I would like to bring the conversation back around to a few points in your book. This would be a request for a Reader’s Digest version of the story you explore throughout your book. Is it possible (laughs) to quickly move through the high points of economic insight that we glean from the Epic of Gilgamesh 4,000 years ago, through the Greeks, the Old Testament, the New Testament, the primary drivers of these ideas of the 4th through the 12th centuries, and then finally, Descartes, Hobbes, Smith, Mandeville, Alfred Marshall. Is that too much to ask?

Tomáš: Well, if I could say it briefer, I would have written a shorter book.

David: (laughs)

Tomáš: But I’m trying to lead the readers through these gems of our history, I’m always trying to reconnect it with the current movies such as Fight Club, or Lord of the Rings, or reconnect that with some of the stories that we know from the Bible, and make it a little bit more legible. So, it’s very hard to summarize, of course, but all I can say is that economics is just a new form of ideology. There is nothing wrong, and nothing particularly honorable about it, but we should know it, that it is not just a value-free mathematical neutral area from which we can judge our actions, but that it is just another ideology. And this ideology, of course, has deities of its own – one of them is growth, the other one would be efficiency. It has profits of its own that are foretelling, forecasting the future into the last decimal point, everybody admitting that its futile, but everybody still doing it. This is also quite curious.

Then we have ethics – it has ethics of its own, the belief in human selfishness, the belief that human life can be approximated by mathematical formulas, the belief that human beings are here to maximize their utility – that is also philosophy, or ethics, if you will. So, all these values are very strongly embedded in economics. Economics is not a value-free ideology, it is an extremely value-full ideology. It has good beliefs in it also – the belief in freedom, the belief that the human being should be primarily responsible for themselves and should try to bother others as little as they can, the belief in freedom, and the belief in rigorosity.

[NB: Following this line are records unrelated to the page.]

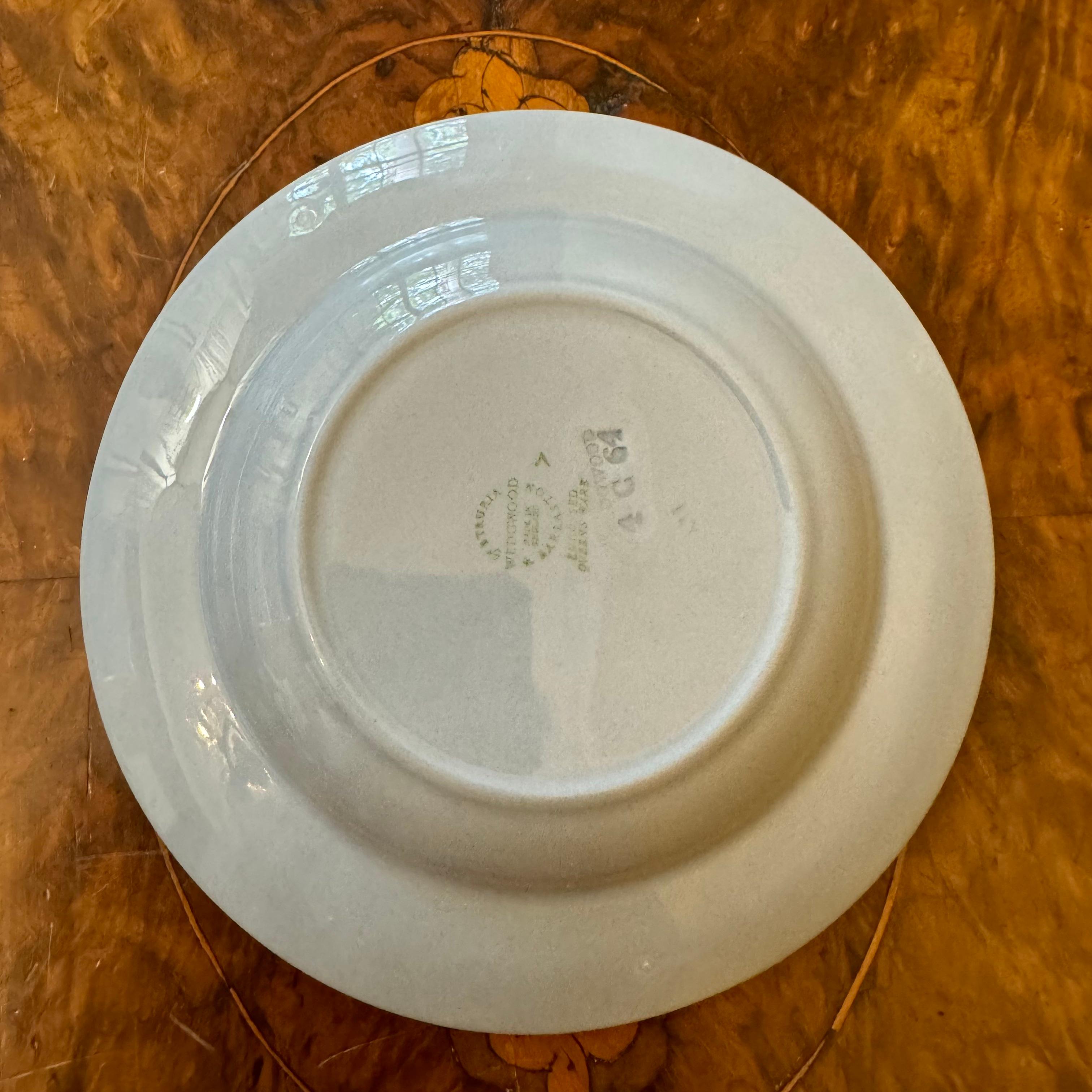 Wedgwood Queens Ware Blue Embossed Cream Ashtray In Good Condition For Sale In EDENSOR PARK, NSW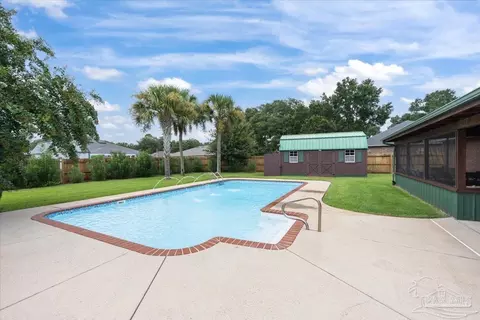 Exterior - 5468 Covered Bridge Ln, Pace, FL 32571 photo 19 of 25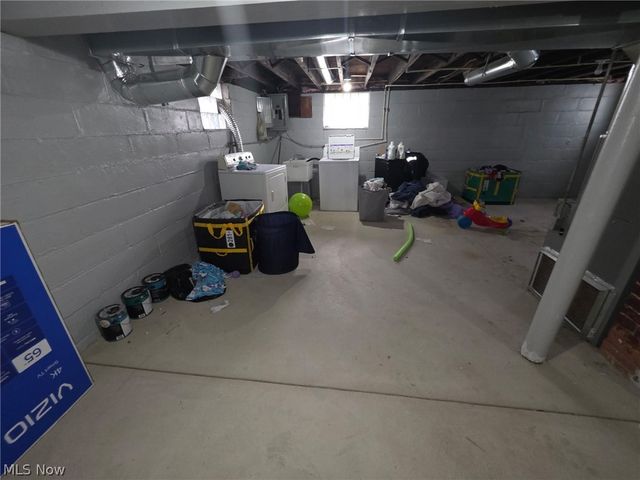 3395 W 91st Street, Cleveland, OH 44102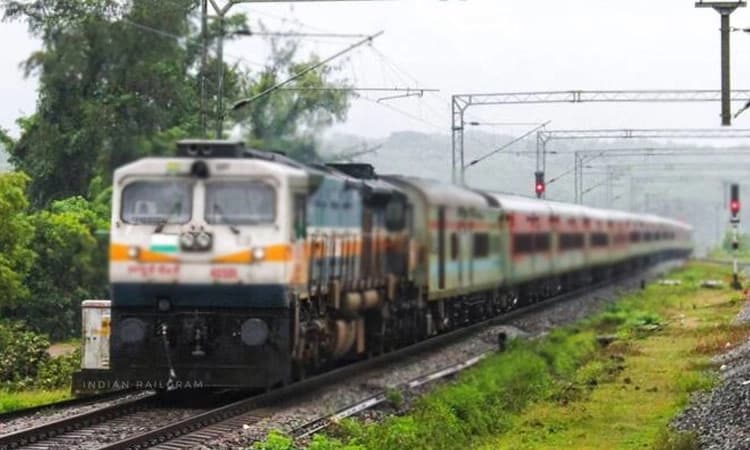 Mangaluru: ಪ್ರಯಾಣಿಕರ ಅನುಕೂಲಕ್ಕಾಗಿ ರೈಲು ಹೆಚ್ಚುವರಿ ನಿಲುಗಡೆ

These are values that, for example, I happen to agree with, but whether I agree with them or not is irrelevant. My point here is that there are values, there are very strong ethical values in economics, some of which are agreeable, some of them are not agreeable, and what I want to do is to bring this stuff again to the attention and talk about our values. Is this belief that we have consistent with our other beliefs? Where will this lead us? What will the end game be when the economy arrives to some stable situation when we are already affluent enough so that the economy doesn’t grow anymore, how will that society look? Will it be a fair society or will it be an unfair society? Will it be a free society or will it be a totalitarian society? And by totalitarianism, I don’t mean just political, but of course economic totalitarianism. We are very afraid of political populism, which is, of course, okay. But we never mention economic populism, and that is also an area of which we should be very careful.

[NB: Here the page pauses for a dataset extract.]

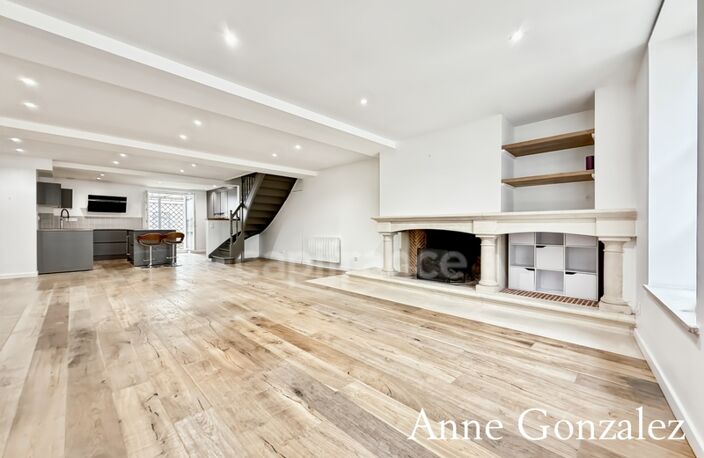 ORLEANS Coeur de ville entre bords de Loire et Halles Châtelet, à vendre superbe maison rénovée avec qualité : pièce de réception de 75 m2, cuisine ouverte récente, quatre chambres et terrasse 12,50 m — photo 2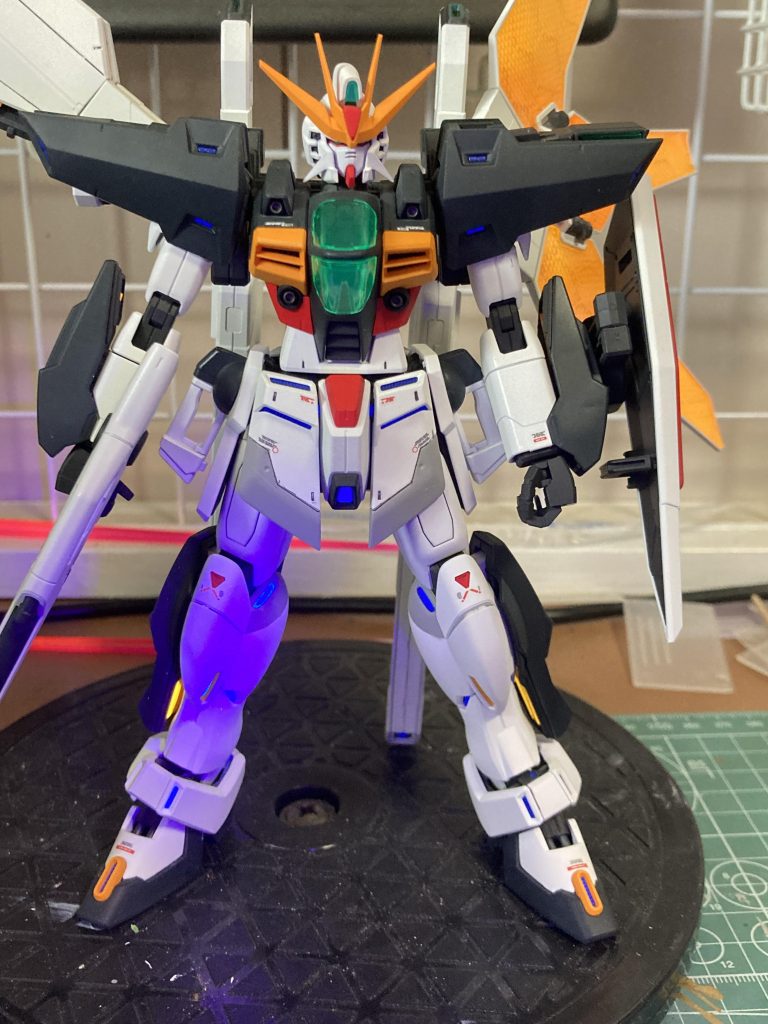 蛍光クリアーを使い様々なスリット部分にブラックライトを当てた際、青く光るようになってます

So basically, this is how I would, if I may, in some free style, summarize the book which goes from the Epic of Gilgamesh, the first ever effort to harness humanity and turn it into a robotic worker, and it ends in the discussion connecting the wall about the city, the Epic of Gilgamesh was the city around Wall Street in today’s Mecca of capitalism.

David: So you write that there is a theme in academics, a residue, if you will, from positivism, which has dispelled the idea that metaphysics and ethics are important and embedded within the context of economics, and that somehow we have moved to this value-free space where what we know, we know with greater degrees of certainty today than we did in the past, because we can put it into a mathematical equation. And on the basis of mathematical equations and mechanisms, we have greater certainties, and those greater certainties allow folks like the central planners of our day to say, yes, we know exactly where we are going, we know exactly what to accomplish, because we have these tools. And it is almost as if they are new tools. Is it new tools, or just new presumption as to the value of those tools?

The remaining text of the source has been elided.